- _EXERCISE MATERIALS_:
--------

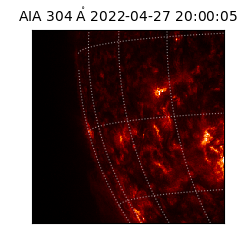 saia - 2022-04-27T20:00:05.129000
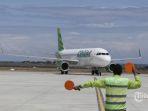 pesawat-citilink-rute-bandara-soekarno-hatta.jpg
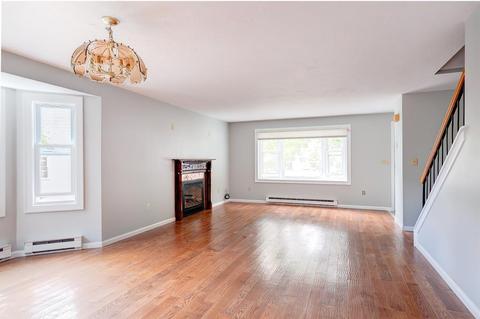 14 Jonathan Cir, Worcester, MA 01604 photo 4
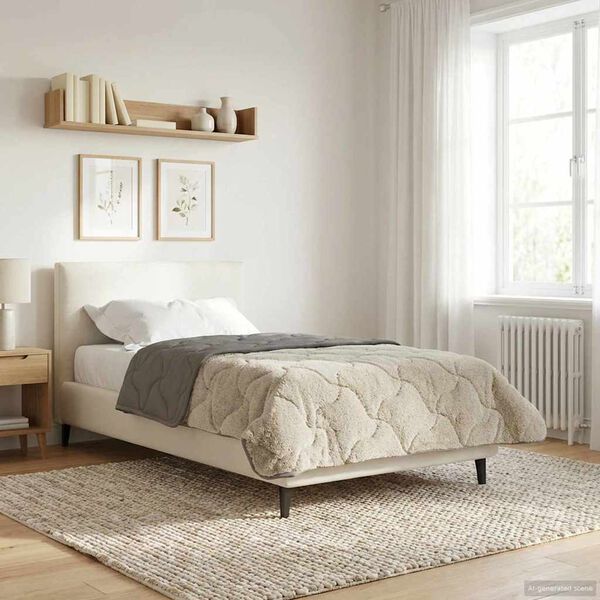 Viser produktbillede 4 af 10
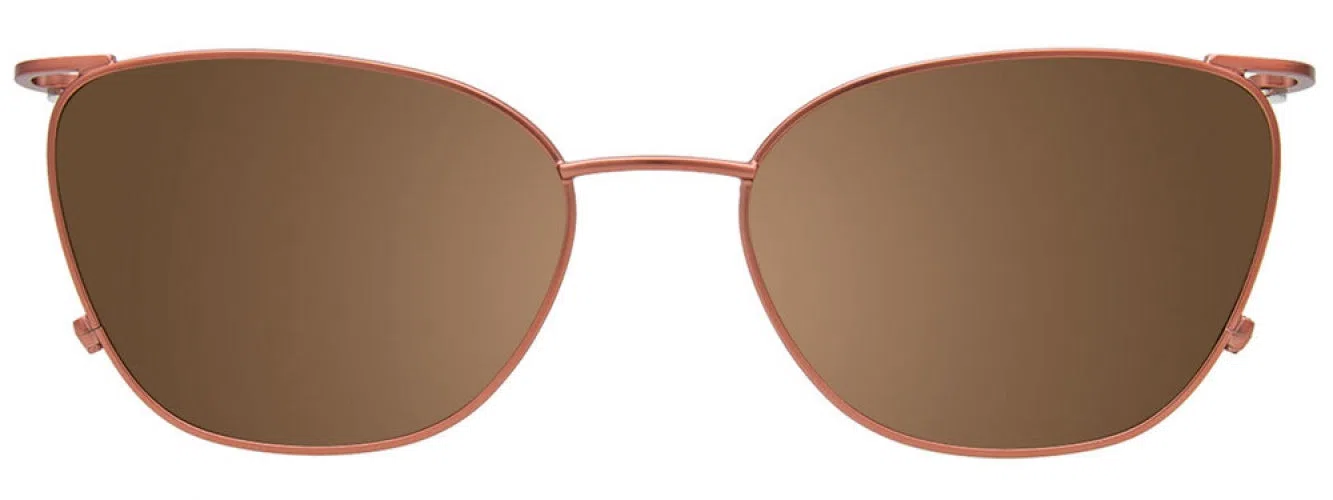 Easyclip EC681 Eyeglasses - view 14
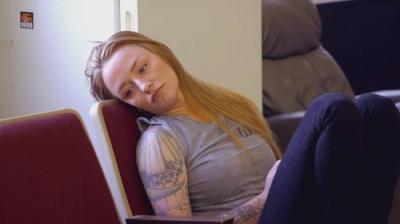Teen Mom OG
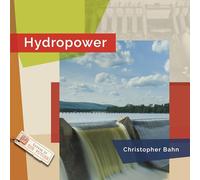 Hydropower (Living in the Future)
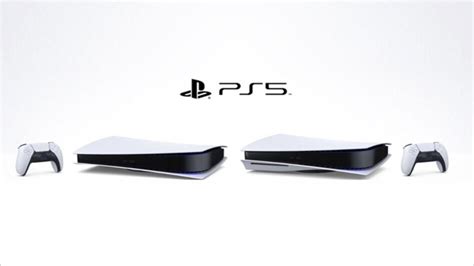 PlayStation 5 Console Restock 的图像结果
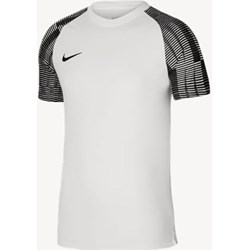 T-shirt chłopięce Nike - SPORT-SHOP.pl - zdjęcie produktu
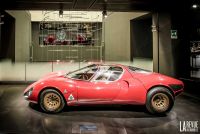 Exterieur_Alfa-Romeo-Museo-Storico_12
                                                        width=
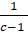 0900bnhd-cd56-28x33.png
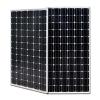 200w Mono Solar Panel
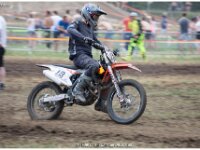 454 MCLB-VJMO Motocross Tielt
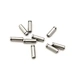 flexible drive shaft cable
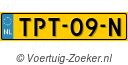 TPT-09-N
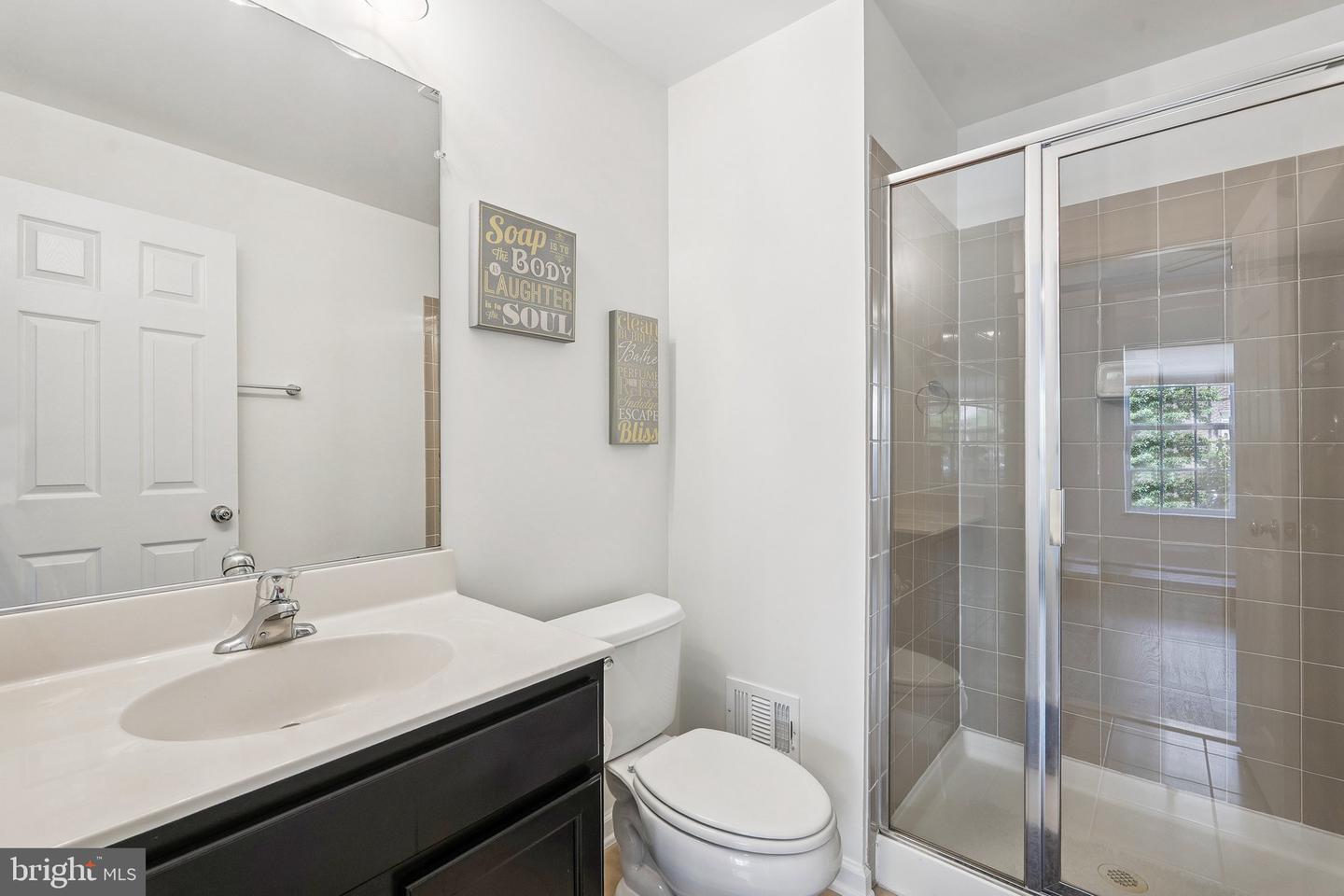 347 PINK AZALEA TER SE, LEESBURG, Virginia 20175, 4 Bedrooms Bedrooms, ,3 BathroomsBathrooms,Residential,For sale,347 PINK AZALEA TER SE,VALO2100586 MLS # VALO2100586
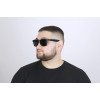 Сонцезахисні окуляри Ray-Ban Wayfarer 12693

--------

- _EXERCISE OBJECTIVE_:
Working from the line that contains "Teen Mom OG" to the last line of the listing, please quote each line exactly, pictures excluded.

- _ANSWER BOX_:
Teen Mom OG
 Hydropower (Living in the Future)
 PlayStation 5 Console Restock 的图像结果
 T-shirt chłopięce Nike - SPORT-SHOP.pl - zdjęcie produktu
 Exterieur_Alfa-Romeo-Museo-Storico_12
                                                        width=
 0900bnhd-cd56-28x33.png
 200w Mono Solar Panel
 454 MCLB-VJMO Motocross Tielt
 flexible drive shaft cable
 TPT-09-N
 347 PINK AZALEA TER SE, LEESBURG, Virginia 20175, 4 Bedrooms Bedrooms, ,3 BathroomsBathrooms,Residential,For sale,347 PINK AZALEA TER SE,VALO2100586 MLS # VALO2100586
 Сонцезахисні окуляри Ray-Ban Wayfarer 12693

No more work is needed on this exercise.